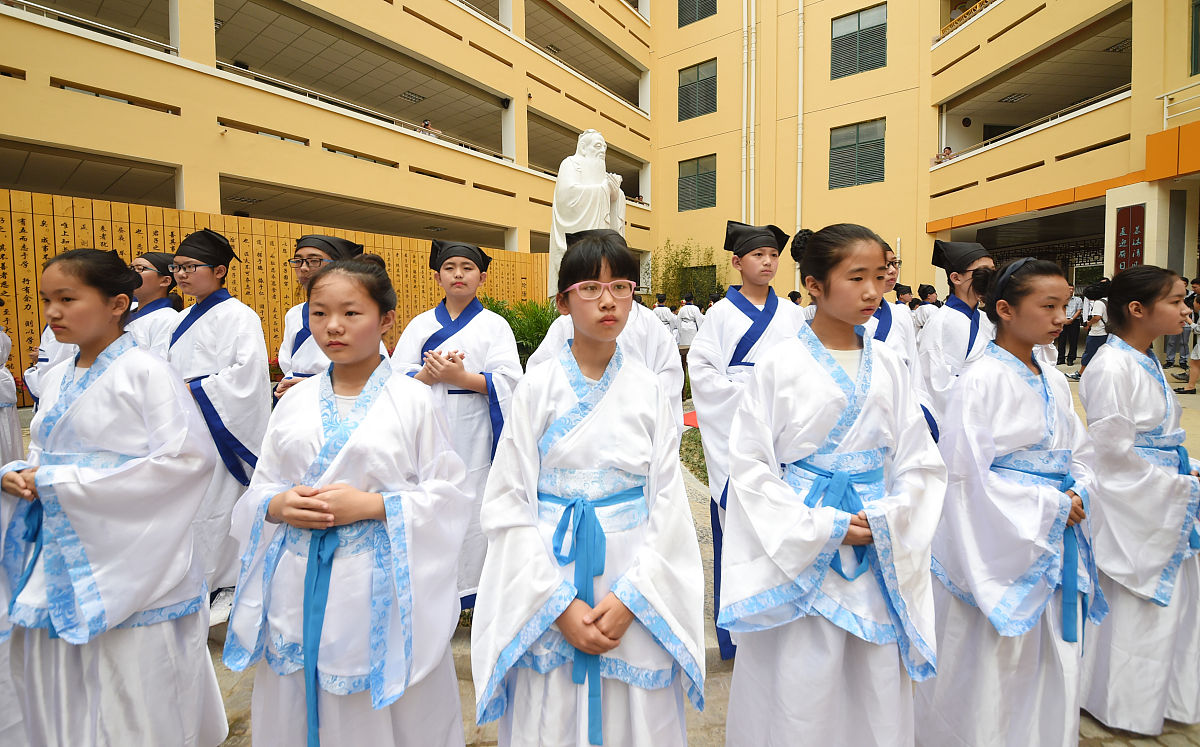 仁爱：儒家思想的核心价值观及其对现代社会的启示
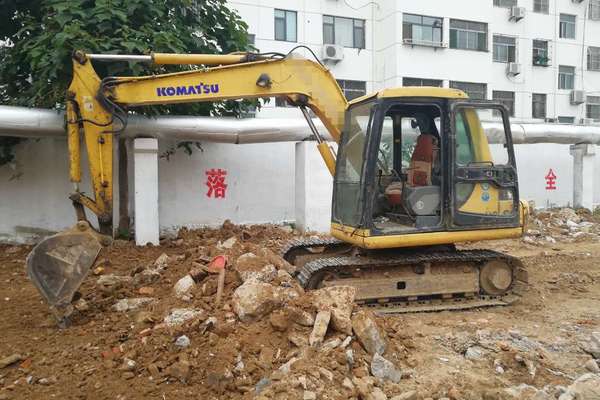 山东出售转让二手14537小时2009年小松PC60挖掘机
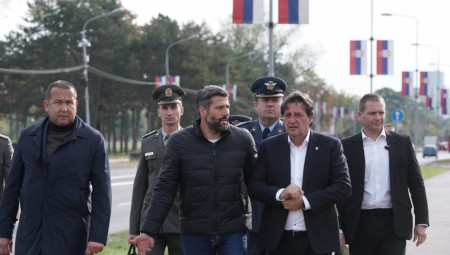 &amp;quot;NAKON VOJNE PARADE SAOBRAĆAJNICE SU PRESVUČENE NOVIM ASFALTOM&amp;quot; Šapić: Troškovi minorni u odnosu na benefite i kakva se poruka šalje (FOTO)
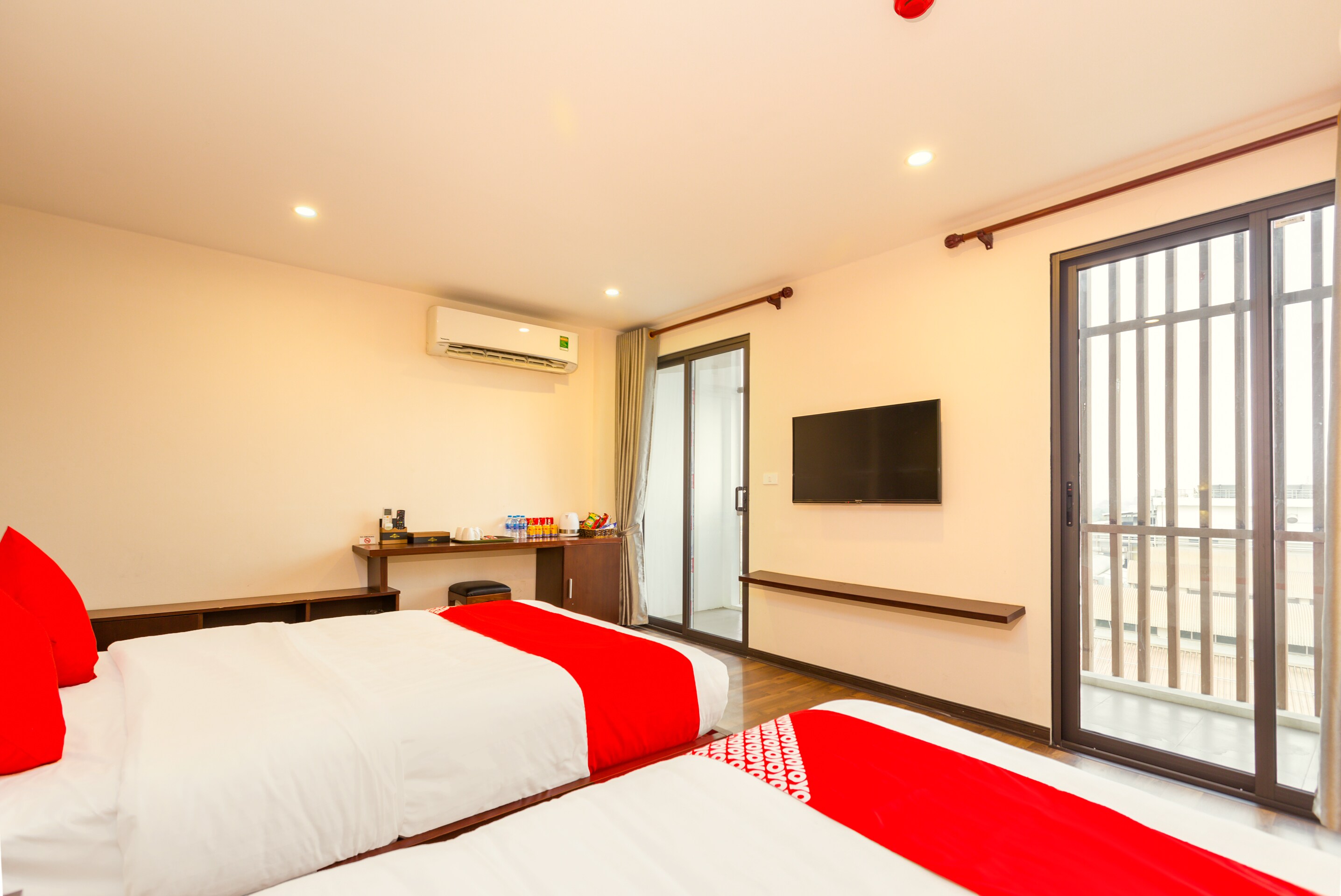 OYO 930 Thang Long Hotel - Tap to explore photos
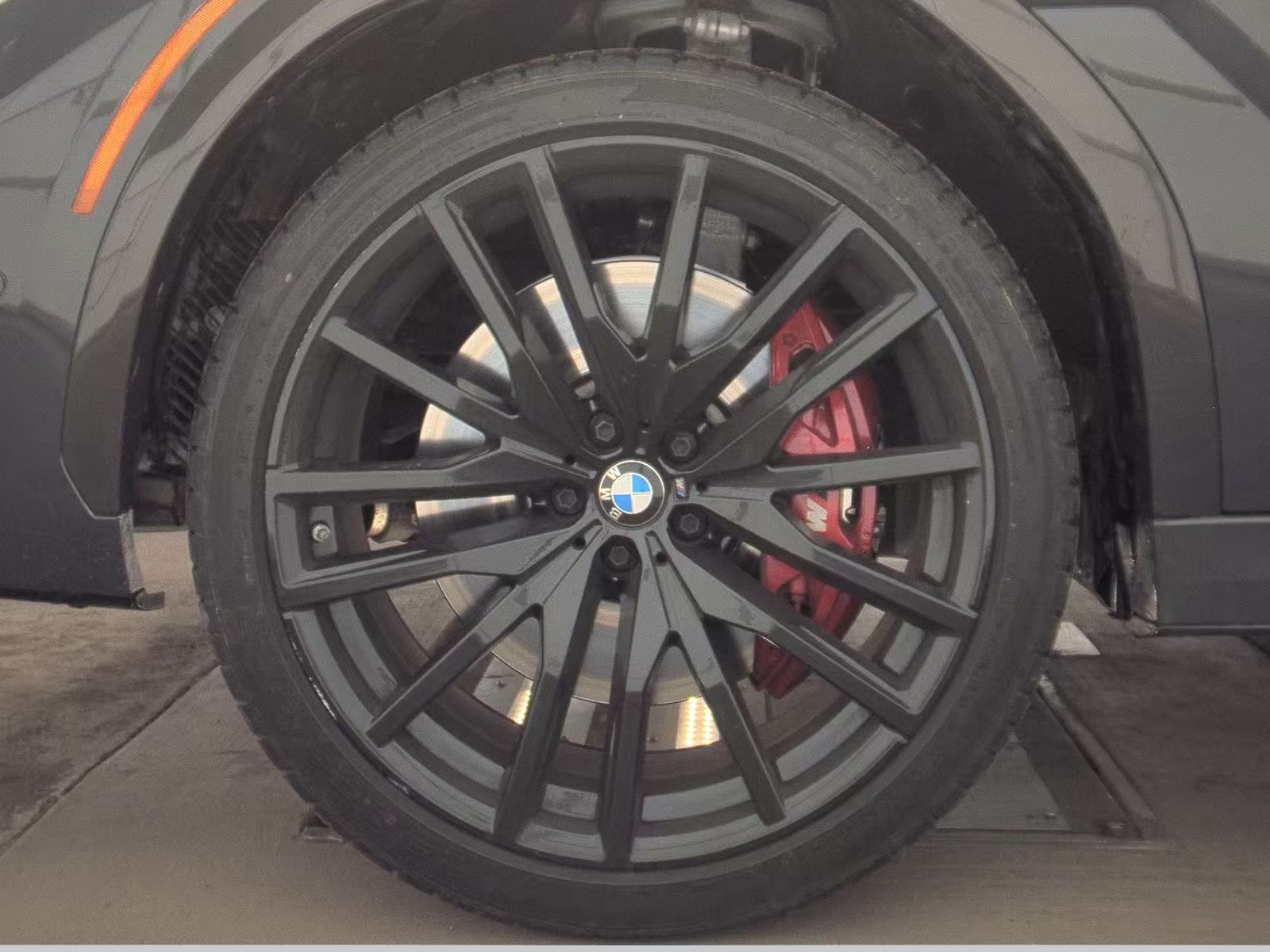 2022 BMW X6 M50i AWD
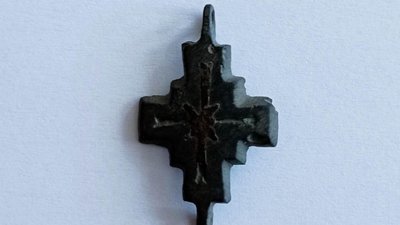 У Волинський музей передали три натільні хрестики, які могли носити у середньовіччі У Волинський музей передали три натільні хрестики, які могли носити у середньовіччі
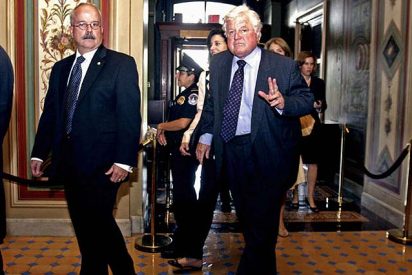 Edward Kennedy sufre un colapso y cae redondo durante la fiesta posterior a la toma de posesi&oacute;n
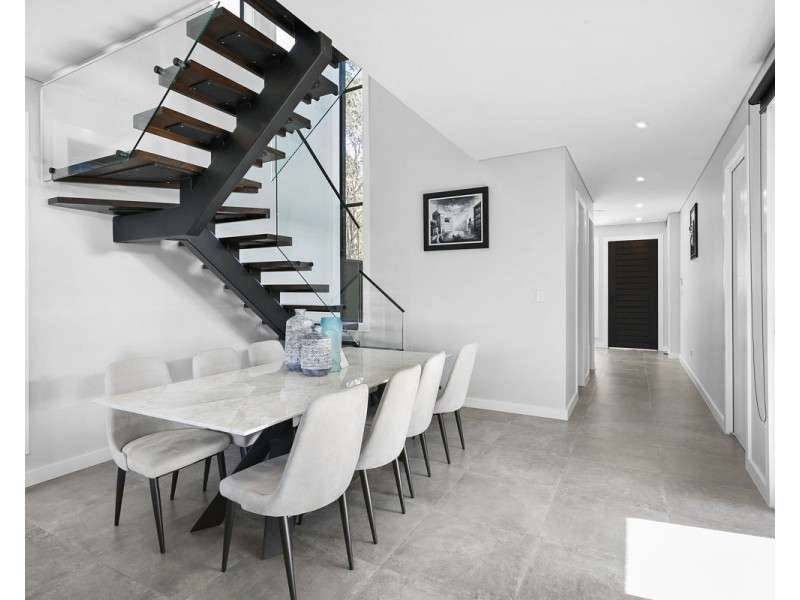 22a Macquarie Road, Greystanes NSW 2145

• • • • • • •

WHAT IS BEING ASKED » Skip the pictures and write out exactly the lines from the line containing "OYO 930 Thang" through the end of the listing above.

WRITTEN SOLUTION »
 OYO 930 Thang Long Hotel - Tap to explore photos
 2022 BMW X6 M50i AWD
 У Волинський музей передали три натільні хрестики, які могли носити у середньовіччі У Волинський музей передали три натільні хрестики, які могли носити у середньовіччі
 Edward Kennedy sufre un colapso y cae redondo durante la fiesta posterior a la toma de posesi&oacute;n
 22a Macquarie Road, Greystanes NSW 2145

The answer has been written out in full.